Pada tahap pembahasan, Saldi Isra menyoroti proses yang terbilang singkat, hanya berlangsung dalam kurun waktu sepuluh hari, mulai dari pembicaraan tingkat I hingga pengesahan. Meskipun rapat dan sidang dinyatakan terbuka untuk umum dan disiarkan melalui kanal resmi media sosial, Saldi tidak menemukan bukti meyakinkan mengenai keterbukaan akses terhadap dokumen-dokumen penting terkait pembahasan UU 3/2025, seperti Naskah Akademik, draf Rancangan Undang-Undang, maupun Daftar Inventarisasi Masalah (DIM).

Dengan mempertimbangkan hal tersebut, Saldi Isra berpendapat bahwa Mahkamah seharusnya mengabulkan permohonan para Pemohon. Ia menyarankan agar Mahkamah menyatakan proses pembentukan revisi UU TNI mengandung cacat formil prosedural dan secara bersyarat harus diperbaiki. Untuk itu, ia mengusulkan waktu paling lama dua tahun bagi pembentuk undang-undang untuk memperbaiki proses yang cacat formil tersebut, sekaligus memberikan kesempatan bagi masyarakat untuk berpartisipasi secara bermakna dalam proses perbaikan.

Enny Nurbaningsih

Hakim Enny Nurbaningsih sependapat bahwa revisi UU TNI memang diperlukan, terutama terkait pengaturan usia pensiun bagi TNI, sebagaimana amanat Putusan MK Nomor 62/PUU-XIX/2021. Namun, ia menekankan pentingnya asas keterbukaan dalam proses pembahasan revisi undang-undang ini.
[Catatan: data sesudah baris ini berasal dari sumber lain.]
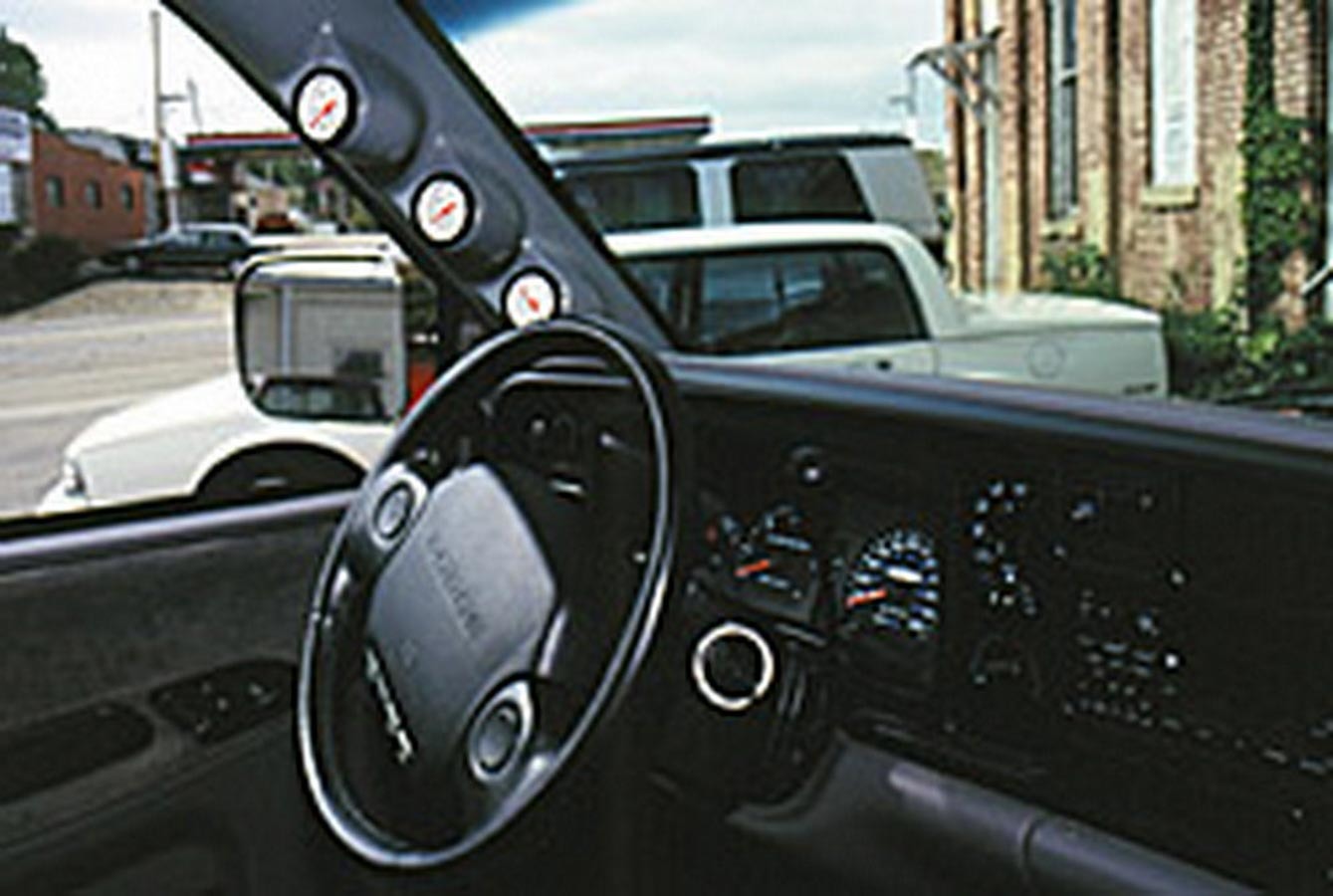 AutoMeter 17201 Autometer 94-97 Dodge RAM Triple Pillar - Black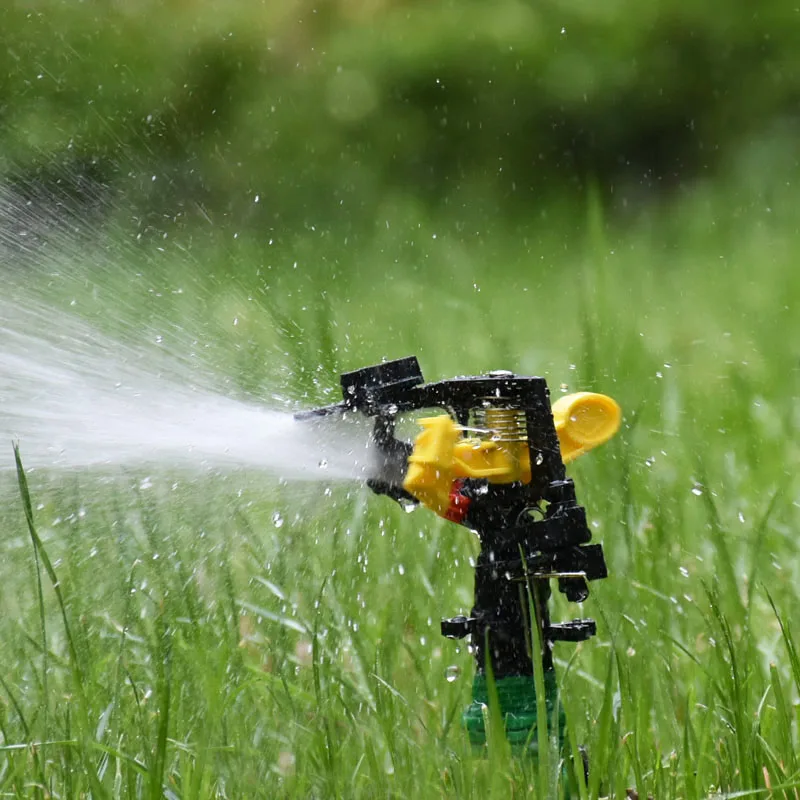 Garden Adjustable Rocker nozzle With support 360 degrees rotary jet nozzle Agricultural Irrigation Sprinklers 1pcs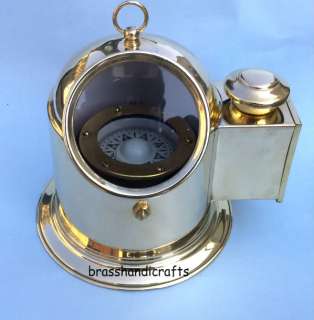   oil lamp this is the binnacle compass an antique collectible item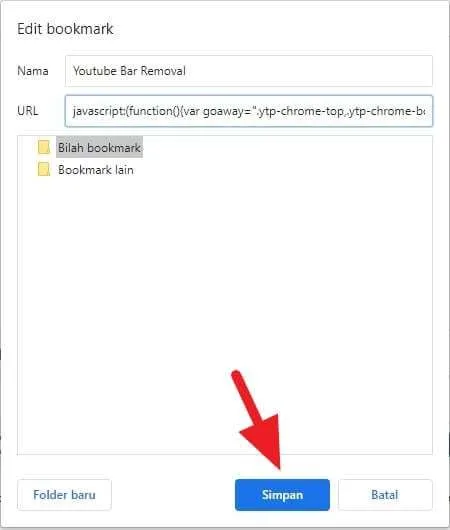 bookmark baru Cara Hilangkan Video Bar di Youtube 5 bookmark baru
Enny menyoroti proses pembahasan tingkat I revisi UU TNI yang berlangsung sangat cepat dengan minimnya partisipasi publik. Selain itu, ia juga mempersoalkan sulitnya akses draf revisi UU TNI oleh masyarakat. Hal ini, menurutnya, mengakibatkan tidak adanya jaminan pemenuhan hak publik dalam melakukan partisipasi bermakna (meaningful participation).
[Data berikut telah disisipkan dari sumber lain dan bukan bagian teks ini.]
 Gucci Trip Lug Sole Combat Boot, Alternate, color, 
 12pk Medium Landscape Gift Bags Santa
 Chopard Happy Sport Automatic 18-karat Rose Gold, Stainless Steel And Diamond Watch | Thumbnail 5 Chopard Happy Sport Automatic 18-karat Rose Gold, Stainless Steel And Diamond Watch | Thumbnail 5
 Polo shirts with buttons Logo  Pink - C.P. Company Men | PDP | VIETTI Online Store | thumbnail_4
“Ketidaktersediaan ruang yang memadai untuk melakukan partisipasi publik dalam masa Pembahasan Tingkat I dari tanggal 13 Maret-19 Maret 2025, serta tidak mudahnya draf RUU TNI untuk diakses menyebabkan tidak adanya jaminan pemenuhan hak masyarakat/publik sebagaimana maksud partisipasi yang bermakna,” tegas Enny.

Dengan demikian, Enny berpendapat bahwa UU TNI harus dinyatakan konstitusional bersyarat. Perbaikan prosedur pembentukan undang-undang harus dilakukan dalam jangka waktu dua tahun sejak putusan diucapkan, guna mentaati seluruh tata cara atau proses pembentukan UU TNI yang benar.

Arsul Sani

Hakim Arsul Sani juga menguraikan bahwa revisi UU TNI tidak dibahas pada sisa periode DPR tahun 2019-2024, melainkan diserahkan kepada DPR periode selanjutnya, yaitu 2024-2029. Revisi UU TNI kemudian dimasukkan kembali sebagai salah satu RUU yang akan dibahas dalam Prolegnas Jangka Menengah 2025-2029.
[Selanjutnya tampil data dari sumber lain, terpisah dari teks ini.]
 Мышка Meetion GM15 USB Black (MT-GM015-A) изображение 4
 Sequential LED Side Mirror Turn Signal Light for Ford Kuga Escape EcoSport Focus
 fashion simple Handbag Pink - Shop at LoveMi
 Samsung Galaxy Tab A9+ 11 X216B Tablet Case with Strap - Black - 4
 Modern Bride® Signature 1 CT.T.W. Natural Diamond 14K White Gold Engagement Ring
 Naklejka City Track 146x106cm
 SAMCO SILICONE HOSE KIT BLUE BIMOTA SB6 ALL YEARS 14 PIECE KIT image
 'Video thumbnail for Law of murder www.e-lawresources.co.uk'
Meskipun demikian, Arsul mencatat bahwa DPR dan pemerintah awalnya tidak memasukkan revisi UU TNI ke dalam Prolegnas Prioritas untuk tahun 2025. Namun, dalam Rapat Paripurna DPR pada 18 Februari 2025, terjadi perubahan kesepakatan untuk menjadikan revisi UU TNI sebagai Prolegnas Prioritas tahun 2025. DPR kemudian menyatakan bahwa revisi ini dilakukan untuk menindaklanjuti Putusan MK Nomor 62/PUU-XIX/2021.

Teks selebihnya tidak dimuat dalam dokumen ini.